**Data provided**.
···

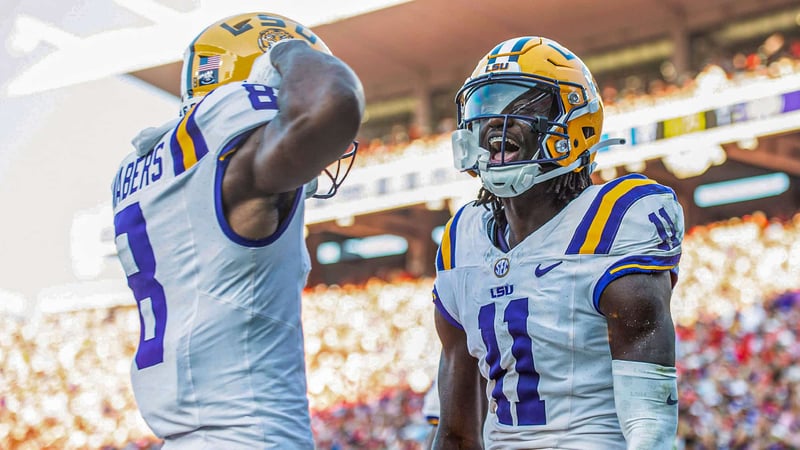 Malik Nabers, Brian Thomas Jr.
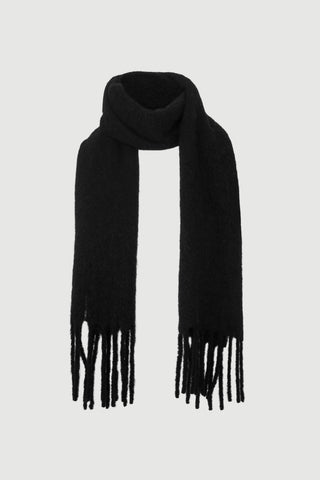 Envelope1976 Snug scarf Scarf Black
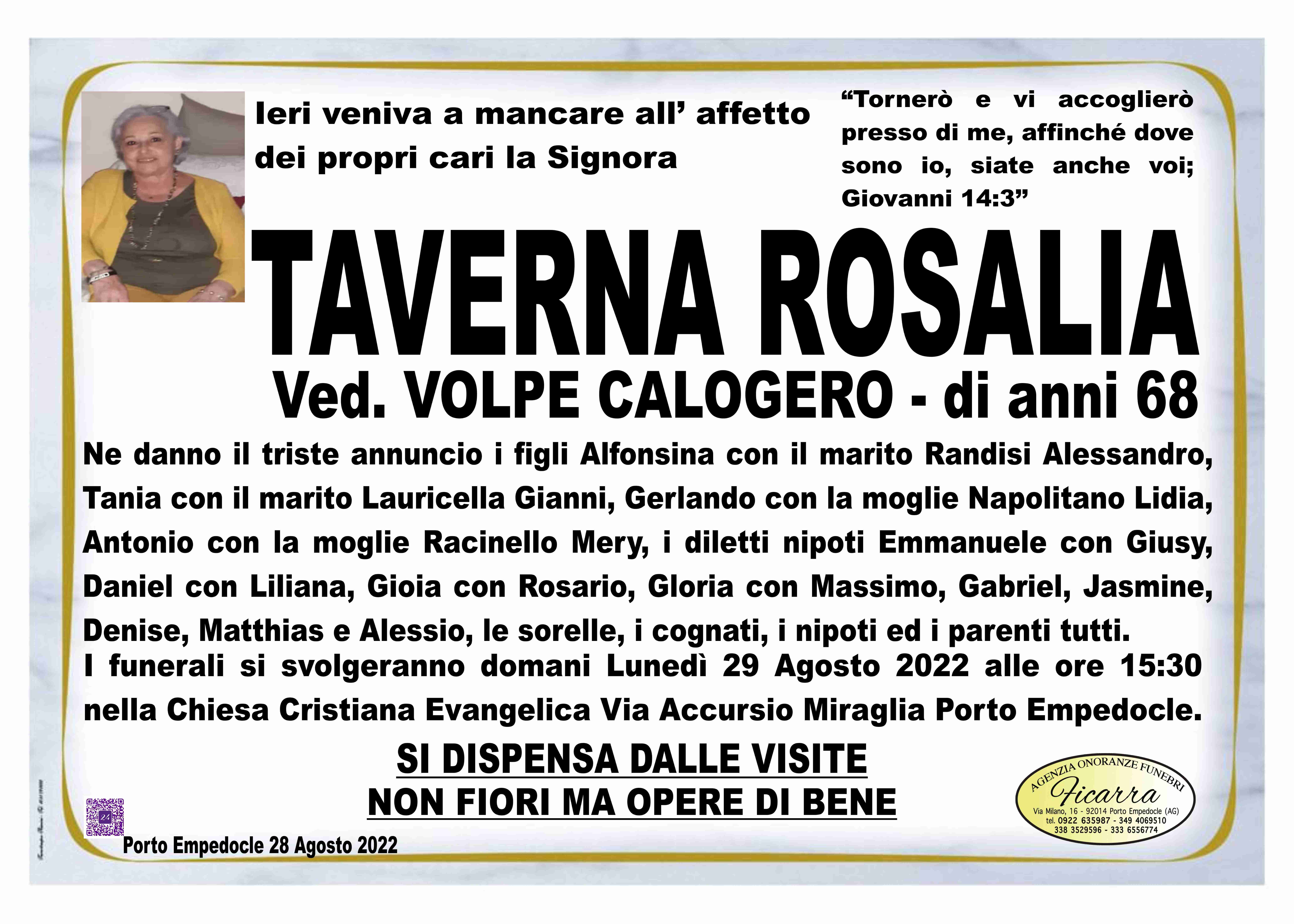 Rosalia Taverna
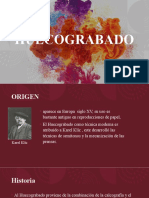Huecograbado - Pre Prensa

···

Make an exact copy of the data above, pictures excluded.

**Output of the exercise**.
 Malik Nabers, Brian Thomas Jr.
 Envelope1976 Snug scarf Scarf Black
 Rosalia Taverna
Huecograbado - Pre Prensa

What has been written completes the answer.